Здесь тоже не нашлось ничего интересного. На сцене вовсю наяривал джаз-банд: несколько парней вертелись с духовыми, один бренчал на виолончели, непрерывно дрыгая отставленной в сторону левой ногой, еще один – то ли негр, то ли в гуталине – восседал за пианино. Если фокстротики, звучавшие на пароходе, Кирпичников еще более-менее мог переносить, то от этой «музыки» у него болели уши. О господах и дамах, которые отплясывали что есть мочи, явно нельзя было сказать того же. Обслуга, снующая туда-сюда по залу, едва успевала уворачиваться от мечущихся в угарном танце богатеев. Лишь несколько картежников, увлеченных азартной игрой, не поддавались общему безумию: у них было свое собственное. На все это безобразие довольно взирал откормленный розовощекий субъект с красной розой в петлице фрака и бокалом вина в холеной лапе – огромный портретище Отто Шпицрутена.

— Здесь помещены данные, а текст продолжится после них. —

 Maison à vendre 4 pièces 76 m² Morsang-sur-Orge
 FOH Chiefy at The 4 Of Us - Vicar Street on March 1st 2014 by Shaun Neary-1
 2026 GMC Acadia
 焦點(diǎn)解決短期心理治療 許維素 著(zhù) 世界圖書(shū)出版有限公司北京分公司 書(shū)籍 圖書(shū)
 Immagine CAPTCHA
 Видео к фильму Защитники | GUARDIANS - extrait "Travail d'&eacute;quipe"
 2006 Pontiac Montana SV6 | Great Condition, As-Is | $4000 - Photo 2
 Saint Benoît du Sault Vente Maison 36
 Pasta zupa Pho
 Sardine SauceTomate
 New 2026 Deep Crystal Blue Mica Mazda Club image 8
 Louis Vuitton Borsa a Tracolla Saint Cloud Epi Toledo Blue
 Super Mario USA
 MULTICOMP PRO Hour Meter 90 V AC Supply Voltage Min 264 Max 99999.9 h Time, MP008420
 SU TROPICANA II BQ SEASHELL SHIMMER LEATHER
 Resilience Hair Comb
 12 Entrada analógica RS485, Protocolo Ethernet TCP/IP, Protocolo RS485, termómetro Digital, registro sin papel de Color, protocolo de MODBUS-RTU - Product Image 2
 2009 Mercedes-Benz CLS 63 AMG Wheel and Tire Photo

– Вам нравится джаз? – спросила по-брюннски невесть откуда взявшаяся дама со свастикой и лисой.

– Терпеть не могу, – честно признался Киричников.

– Представьте, я тоже! У нас в Брюнеции никогда не играют джаз, здесь его разрешили в виде ислючения, ради иностранных туристов! Хотя вряд ли стоило потакать таким низменным вкусам. Джаз – это музыка черных! А что хорошего могут придумать эти черные?

«Музыка толстых!» – хотел поправить даму Краслен, но сдержался. Во-первых, он боялся выдать свои коммунистические взгляды, во-вторых, не знал, насколько его собеседница довольна собственной фигурой.

– А нравится вам этот портрет? – настойчиво продолжала беседу украшенная звериной шкурой и феодальной символикой буржуазка.

Краслен не успел ответить: раздался чей-то визг, на танцплощадке началась суматоха. Какая-то дама так бешено вертелась, что случайно расстегнувшееся на ней бриллиатовое колье не просто слетело, а пронеслось через весь зал, ударилось о портрет Шпицрутена и пробило брешь в его откормленном брюхе.

– О, мой бог! – воскликнула любительница мертвых животных и антинародных режимов.

Продырявленный канцлер продолжал самодовольно улыбаться. Несколько галантных кавалеров, видимо претендовавших на внимание владелицы колье, уже ползали под портретом, ища утрату и отпихивая друг друга толстыми задами. Джаз-банд наяривал как ни в чем не бывало, даже еще громче, кажется, происшествие только подзадорило «музыкантов». Незваная собеседница Краслена, забыв обо всем, кинулась к своему канцлеру: видимо, хотела оказать ему первую помощь. Любопытства ради Кирпичников еще несколько минут ждал, чем все закончится. Когда два лакея сняли портрет со стены и со скорбным видом унесли прочь, Краслен, окончательно устав смотреть на загнивание и разложение, убрался в свою каюту.

Комната на одного, оплаченная ангеликанской буржуазией, была снабжена удобным ложем, откидным столом и раскладывающимся табуретом. Уединившись, Кирпичников еще раз погладил рукав своего кожаного плаща: «До чего тонкая выделка! И почему наш легкопром таких не делает?» Вещь была, что и говорить, хорошая, но от ее ношения Краслен решил воздержаться: на дирижабле может оказаться соотечественник, а какой красностранец не читает газет и не смотрит плакатов, кому неизвестно, что подозрительный плащ с подозрительными пуговицами – верный признак шпиона? В каком-то смысле, разумеется, было бы и неплохо, разоблачи родная контрразведка еще одного буржуазного агента в его, Красленовом, лице… Но все-таки… Все-таки лучше пока обойтись без этого. Кирпичников проверил, на месте ли ручка с ядовитыми чернилами, еще раз полюбовался на лучестрел, погладил обтекаемый корпус миниатюрного радиоприемника, освежил в памяти пароли, явки и легенду, доел остатки зашифрованной документации.